How awesome is it that a movie can be simply titled The Thing, only because that’s the best description of the monster that stars in it? This is one of my favorite movies of all times. I realize it may not have fared well with critics, but it was just plain fun to watch. Besides the Kurt Russell factor (I mean, what else do you need besides Kurt Russell skulking around feathered hair wings and a blow torch?), the special effects were impressive. Now, thirty years later, I still find them just as awe inspiring.

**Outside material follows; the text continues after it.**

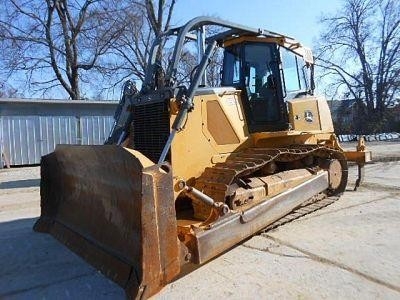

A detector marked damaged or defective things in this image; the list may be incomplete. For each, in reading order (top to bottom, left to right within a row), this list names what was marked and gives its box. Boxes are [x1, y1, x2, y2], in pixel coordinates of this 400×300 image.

rusty steel blade [33, 145, 180, 298]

The doctor squishing around the innards of the creature they found in his gloved hands was quite gory, even by today’s standards. And the scene where the head detached showed inner body mechanics bursting and oozing terrible colored bodily fluids. The dog thing coming from the body of the creature, as just bones covered in blood and muscle was pretty detailed.

The movie was just full of scenes that just cannot be forgotten. How many times do you see a head detach itself from a body and slither across the floor, only to sprout legs and funny antennae? And to see blood jump up from a Petri dish and scatter across the floor is classic. Most laugh inducing was the scene when Palmer begins to change into the creature and huge Keith David and seasoned Donald Moffat are screaming like babies because they’re tied to chairs with him. I didn’t blame them for being afraid, but the scene played out as if from a comedy. Then the melee dies down and Donald Moffat calmly states, “I know you gentleman have been through a lot, but when you find the time, I’d rather not spend the rest of this winter tied to this fucking couch!” Classic!

We return to a setting many horror stories visit: icy isolation. The men were based in Antarctica, where there is nothing but snow and ice. Their nearest neighbors are a helicopter ride away. The opening of the movie is gripping, with men in a helicopter shooting at a dog and managing to miss it every time. If that isn’t intriguing enough, one of the men leaps from the aircraft to chase the dog into the researcher’s camp. Still, he manages to miss the dog. When pressed for explanation, the language barrier between him and the researchers provides an excellent moment of tension that results in the shooter being taken down by Donald Moffat.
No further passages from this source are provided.